Tonight on Bibliocracy, KPFK 90.7 FM at 8 PM: SHAWN VESTAL. My guest this week was perhaps given lemons, sour
and sweet, by way of family, culture, religion and politics, but out of it he
has squeezed literary lemonade indeed, co-opting and transforming and
repurposing the myths and tropes and vernacular of his Mormon upbringing into
serious, sincere short literary fiction.
Somehow not exactly disrespecting that religion but instead perhaps
respecting more the resisters, doubters, overlooked or victimized and even
maybe himself, Shawn Vestal has
rewritten past and present and future toward creating alternative and
transgressive, often funny and frequently very much darker versions of the
already dark, weird and fascinating tales of that experience.

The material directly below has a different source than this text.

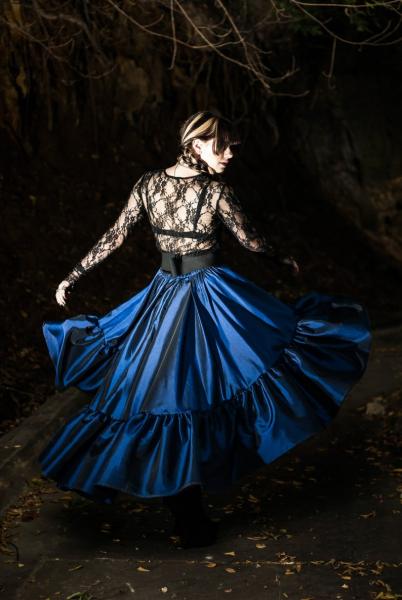 Midnight Blue High low Steampunk Skirt - Ellis Skirt picture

Author of the new collection of short stories, Godforsaken Idaho, Vestal takes
the iconography, stories, obsessions and cultural practices of the “family home
evenings” tradition and reworks them for audiences in a big wink or grimace,
you decide, but in nine stories elegant, smart, funny and resonant. His day job is as a regular columnist for
Spokane, Washington’s Spokesman-Review, and these and other stories have
appeared in McSweeney’s, Tin House and in the new anthology from Ecotone
magazine called Astoria to Zion: Twenty-Six Stories of Risk and Abandon from
Ecotone's First Decade. This is one of my most favorite recent short story
collections, covering past, present ant future, from heaven to the mythic
stories of the conquest of the American West. Thanks for listening, on the radio or online,
or as a download whenever you like, free from the KPFK audio archives.